What Do The Various RAID Levels Mean?
You may have heard the term RAID used in connection with computer systems but been unsure of what it means or whether you should use it. Simply put, RAID stands for Redundant Array of Independent Disks. This means that you have several hard drives acting as one, with inherent benefits over the same drives operating separately. The key to these benefits is found in the term Redundant.
Why is redundancy important? As complex mechanical devices, all hard drives are prone to failure. The oft-used term "crash" specifically refers to the drive heads, which usually ride on a cushion of air micrometers above the spinning platter, coming into physical contact with the platter itself. But there are any number of other physical and electronic breakdowns possible. Eventually, any storage medium, even solid-state devices, will fail. Redundant drives provide a stopgap that lets you deal with the failure before you lose data.
Counting Drives
To provide redundancy, your array must consist of at least two drives. With three or more drives -- and some arrays can support dozens of drives -- you have more options. If one drive fails the system can continue to operate from the others. Depending on the capabilities of the accompanying hardware and software you may be alerted to the failure of the drive with a flashing light, an audible alarm, or e-mail. Then, again depending on the capabilities of the array, you may be able to replace the failed drive without shutting down the system.

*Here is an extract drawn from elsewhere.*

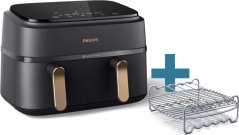 Philips Philips NA352/04 3000 Series Doppel-Heißluftfritteuse schw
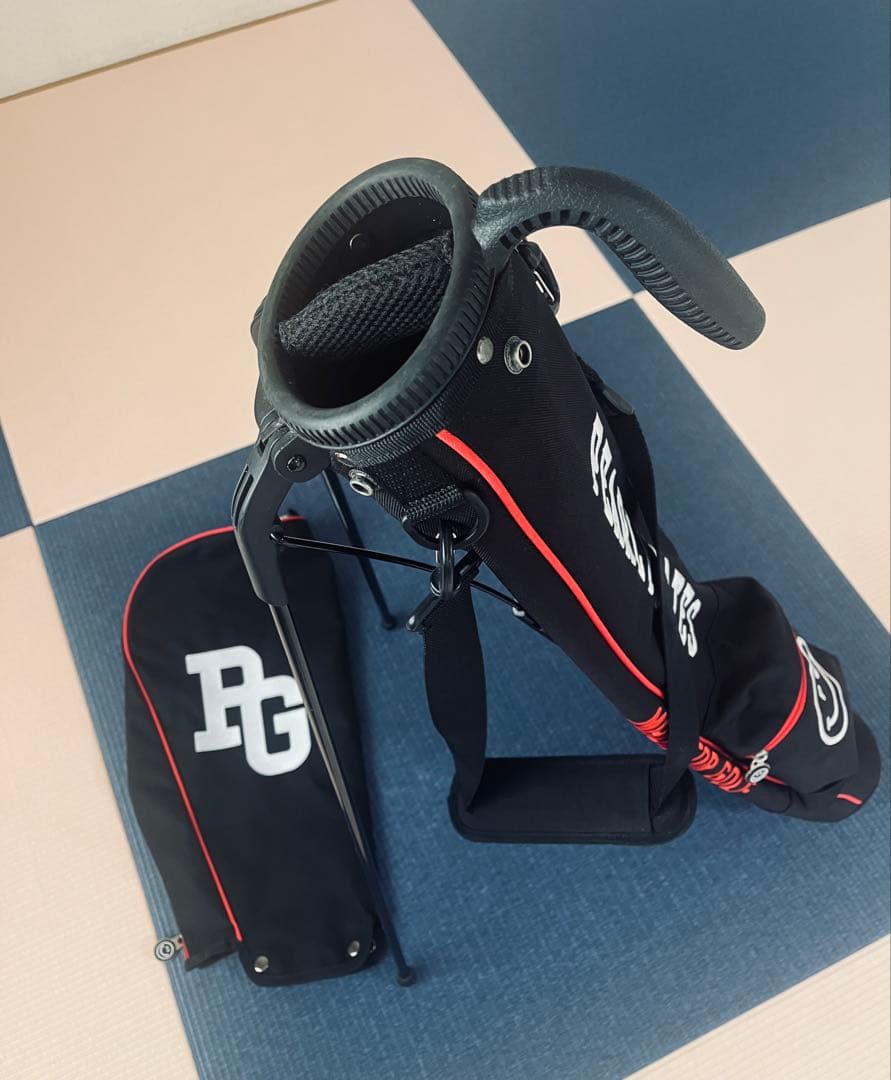 PEARLY GATES スタンド式サブバッグ ブラック　美品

Perhaps the simplest configuration is RAID 1, or disk mirroring. All the data stored on one disk drive is also stored on another. Both drives are written to and read from at the same time. Of course, you can have more than two drives, so long as they're in even numbers. Store data on three drives, with three additional drives as the mirror. Obviously this has a drawback: it takes twice the number of drives -- and therefore twice the cost -- to store a given amount of data. A set of six 250 GB drives will give you only 750 GB of usable capacity in a RAID 1 configuration. An advantage is that the speed of read operations can be faster than with a single drive because the array controller may be able to read from two locations at once. Write operations are generally as fast as with a single drive.
A RAID 5 system calculates a parity bit for each byte of data and writes that and the data across at least three drives. (See the sidebar "Calculating Parity.") If any one drive fails, data can be reconstructed by calculating the missing bits. The advantage of RAID 5 over RAID 1 is that there's less overhead for redundancy; six 250 GB drives will yield 1250 GB of usable capacity. The disadvantage is that there's additional overhead in calculating the parity. Thus, RAID 5 systems tend to be slower handling write operations than RAID 1 systems, while they're often faster at read operations.
Both RAID 1 and RAID 5 provide the same degree of redundancy; if one drive fails the system can continue to operate while you replace the failed drive. However, what if two drives fail simultaneously? Or what if one drive fails and, while replacing it, you accidentally pull the wrong drive? The entire system fails. A number of schemes get around this. One is having a hot spare. If the RAID controller detects that a drive has failed, it automatically moves the data that would have been on that drive to a standby drive. In such an arrangement you'd have to have three drives fail before the system collapsed. Again, that takes overhead; in a RAID 5 configuration, six 250 GB drives would provide only 1000 GB of usable capacity. On some systems it's even possible to configure multiple hot spares. More complex configurations involve a combination of RAID 1 and RAID 5. You could mirror a RAID 5 array with another RAID 5 array. And there are still more RAID configurations: 3, 4, 6, 7. And there are other proprietary systems.
There are also configurations that provide improved performance at the expense of redundancy. RAID 0 stripes data across drives without storing parity information. If one of the drives fails, data is lost.
While many mid and high-end server class systems now come with RAID controllers, you can also purchase external RAID systems, from massive cabinets hosting dozens of drives and providing hundreds of terabytes of storage, to small, portable units no larger than a toaster. It's also possible to configure your own RAID at the operating system level, using single-channel disk controllers, at the cost of CPU power. Some systems will tune their configuration for you, analyzing usage patterns and adjusting storage to give you the best performance or capacity while ensuring redundancy. Others will let you alter configurations on the fly, creating multiple partitions to be shared across platforms, adding and removing drives as your needs change.
An alternative to backup?
Does a RAID array, either 1, 5, or some other combination, eliminate the need for backups? Certainly not. If data is accidentally deleted from a RAID array, the built-in redundancy won't be able to recover it. Nor is a RAID array immune to theft or natural disasters.
With the decline in hardware prices, it may be time to consider the added security of RAID storage for your valuable data.